The second one is a Hollywood slick remake. It almost feels like a magical realism version versus a realism version.
IMBd gives the Danish version a 7.8. The slick Hollywood ones gets a 7.8 too. We want realism and we want magic.
A 4th medium, aural, I heard the book on tape while driving to work. And it's in translation, the story has made one more transformation. So the 4 different versions, text, audio book, movie and movie, and in a way the same story.
I see different choices, dialogue, ways of visualizing text into 2 different violence incidents in the subway, two different rape scenes, two different sex scenes. The Hollywood version of sex is soft porn, and the Swedish version isn't for your titillation. Some things are made explicit, like her photographic memory is explicit in the Swedish version but shown in the Hollywood version. Different torture scenes, different chase and accident scenes. In one Harriet lives in Australia and in the other she lives in London. Those choices mean something. Different visuals, for sure.
Different romantic ending doesn't feel significant to me, though I prefer the Swedish one.
You could say the story versions are very different between the movies. Things put here in this one, are put there in that one. Honestly I can't do a close reading of either, I watched the movies superficially.

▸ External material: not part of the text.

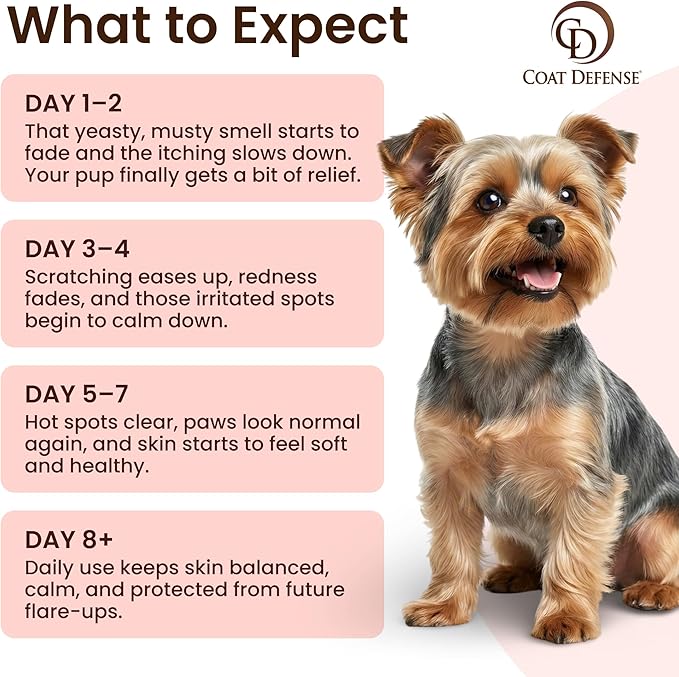 COAT DEFENSE Paw Licker Bundle | Daily Preventative Powder & Shampoo for Allergies and Itching | Yeast Infection Treatment for Dogs | Dog Shampoo Itchy Skin Relief | Dry Shampoo Yeast Powder for Dogs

This movie also has me thinking about the novel/movie A Very Long Engagement. It too had a complicated plot that you just had to tolerate not knowing what is going on. I have read that book and seen the French movies from 2004.
In a way The Girl With The Dragon Tattoo is the perfect movie for our times when wealthy people cover up their fascism, white supremacy, religious twisting, sadism, and coverups. Confronting evil is a theme for our times. The price we pay for abuse and trauma.
I read about the problem of Native American women disappearing. I imagine there are people like Martin Vanger out there taking them.
I have to confess that I don't always follow the plot. I feel like it's ok to lose contact with making sense. That has helped me get through a lot of literature. Sometimes it doesn't make sense. When I write I want it all to make sense but it can't. Something must be hidden on purpose because it's a linear narrative. We can't know everything at once, even if there are flashbacks and flash forwards.
I once read about a book reviewer who started in the middle of a book and read all around. I thought that was crazy at the time, but it makes sense to me now.